## Instructions for the task
Return, with both end lines included, exactly what the data below holds from the line with "Three painted Bentwood" through the line with "Une jeune femme", though not the pictures.

## Material provided
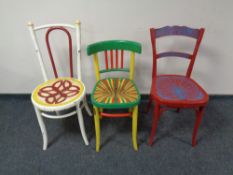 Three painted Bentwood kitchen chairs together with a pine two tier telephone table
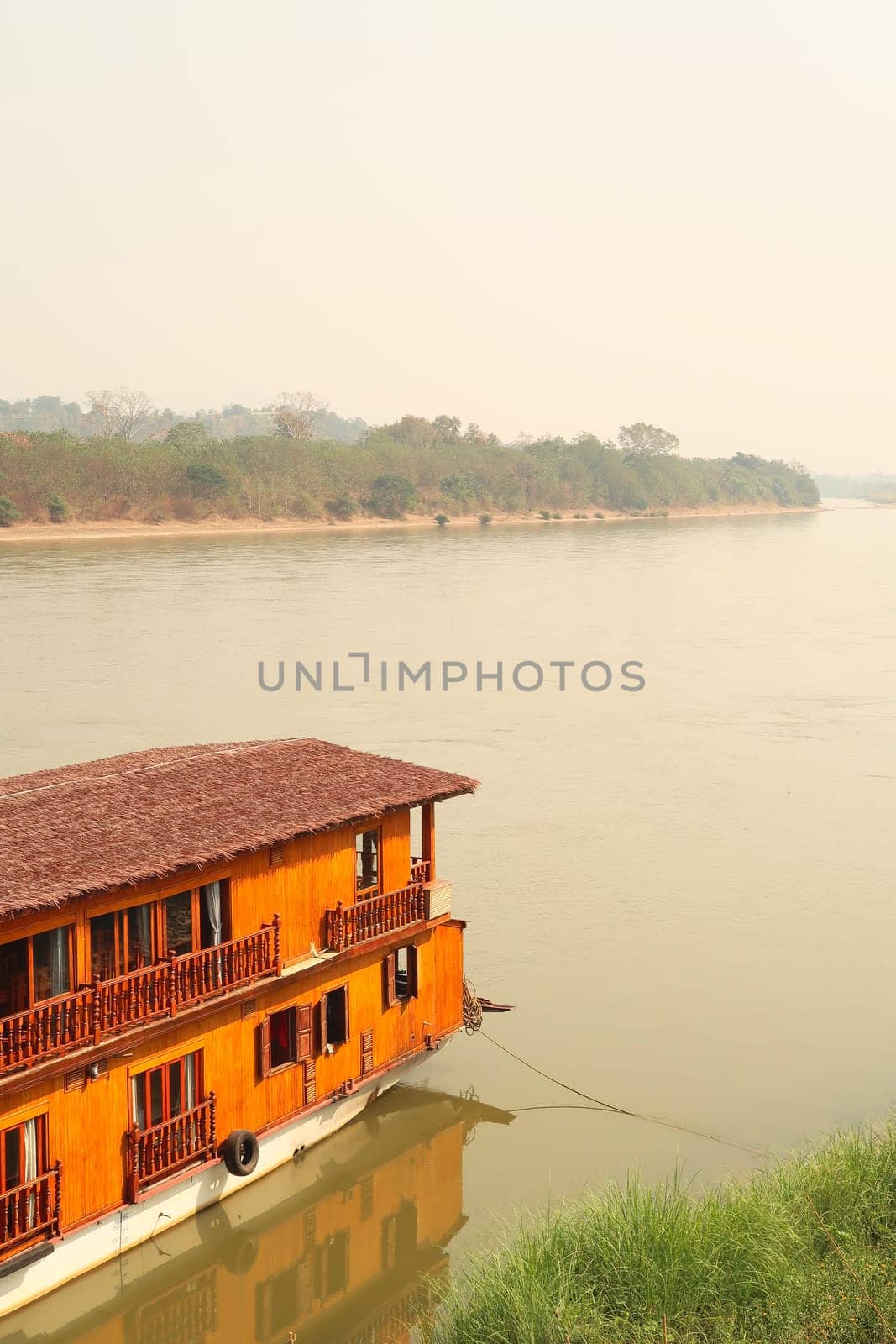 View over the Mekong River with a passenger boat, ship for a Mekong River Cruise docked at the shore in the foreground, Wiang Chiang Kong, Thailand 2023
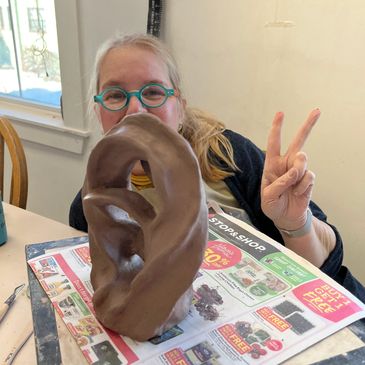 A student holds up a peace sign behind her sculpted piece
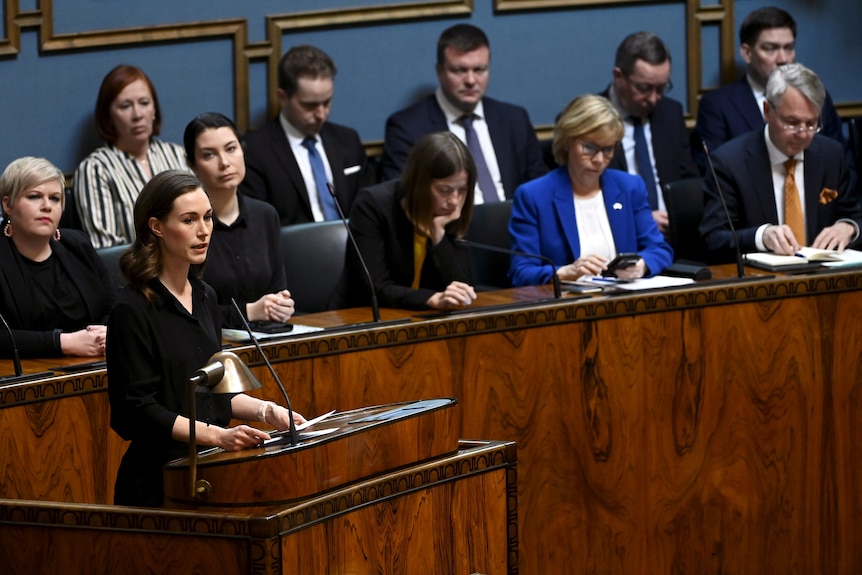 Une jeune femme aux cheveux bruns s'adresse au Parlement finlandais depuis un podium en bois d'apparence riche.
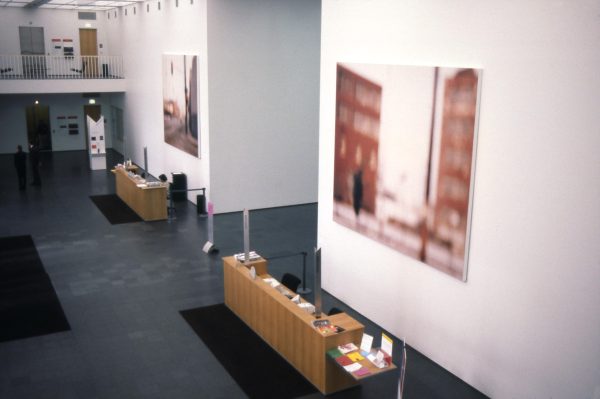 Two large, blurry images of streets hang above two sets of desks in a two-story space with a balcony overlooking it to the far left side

---

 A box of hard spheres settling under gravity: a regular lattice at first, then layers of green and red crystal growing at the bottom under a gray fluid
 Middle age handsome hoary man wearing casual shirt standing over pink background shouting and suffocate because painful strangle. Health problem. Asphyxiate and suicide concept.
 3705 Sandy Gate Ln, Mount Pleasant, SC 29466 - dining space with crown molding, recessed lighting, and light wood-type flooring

## Exercise answer
 Three painted Bentwood kitchen chairs together with a pine two tier telephone table
 View over the Mekong River with a passenger boat, ship for a Mekong River Cruise docked at the shore in the foreground, Wiang Chiang Kong, Thailand 2023
 A student holds up a peace sign behind her sculpted piece
 Une jeune femme aux cheveux bruns s'adresse au Parlement finlandais depuis un podium en bois d'apparence riche.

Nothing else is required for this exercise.